Boeing to set up 737 freighter conversion facility in India
The American aircraft company said it would set up the conversion facility in Hyderabad with Indian maintenance, repair and overhaul provider GMR Aero Technic
BOEING CO said on Friday (10) it would set up a facility in India to convert 737 passenger planes into dedicated freighters to tap into regional and global demand for the service.
The investment, which adds to the US manufacturer's expansion into India on top of a record plane order by flag carrier Air India, comes despite a global economic slowdown that has weakened the global air cargo market.
The International Air Transport Association (IATA) said global cargo demand in January fell almost 15 per cent year-on-year.
Air freight rates are 28 per cent below the levels seen at the same time last year, data provider WorldACD said on Thursday (9).
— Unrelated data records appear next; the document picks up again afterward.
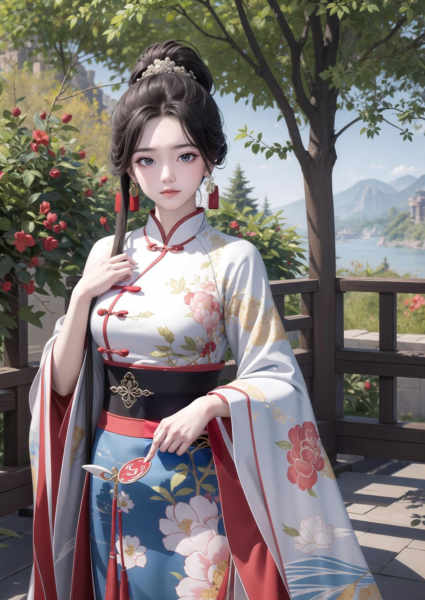 天刀画风SD15 - WuxiaFree_v1.0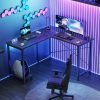 L Shaped Desk 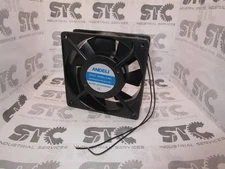 Axial Muffin Fan 66 CFM 120x120x38mm Sintec ball Bearing 220 VAC FAST SHIPPING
Boeing said it would set up the conversion facility in Hyderabad with Indian maintenance, repair and overhaul provider GMR Aero Technic.
The deal adds to Boeing's $1 billion (£840 million) supply chain sourcing from India and will help support India's ambitions to become a global cargo hub, Chief Strategy Officer Marc Allen told reporters in New Delhi
The planned facility comes amid a push by Boeing to expand in India, including a $24m (£20.11m) investment to set up a logistics centre for airplane parts.
Salil Gupte, president of Boeing India, said there was demand to convert more than 1,700 passenger planes globally into freighters over the next 20 years, with about 600 coming from Asia.
E-commerce demand and electronics manufacturing is growing in India, strengthening the outlook for freighters, he told reporters.
"So it is only fitting that we have the capability to have a line to make those freighters here in India, not just for India, but for the region and for the world," he said.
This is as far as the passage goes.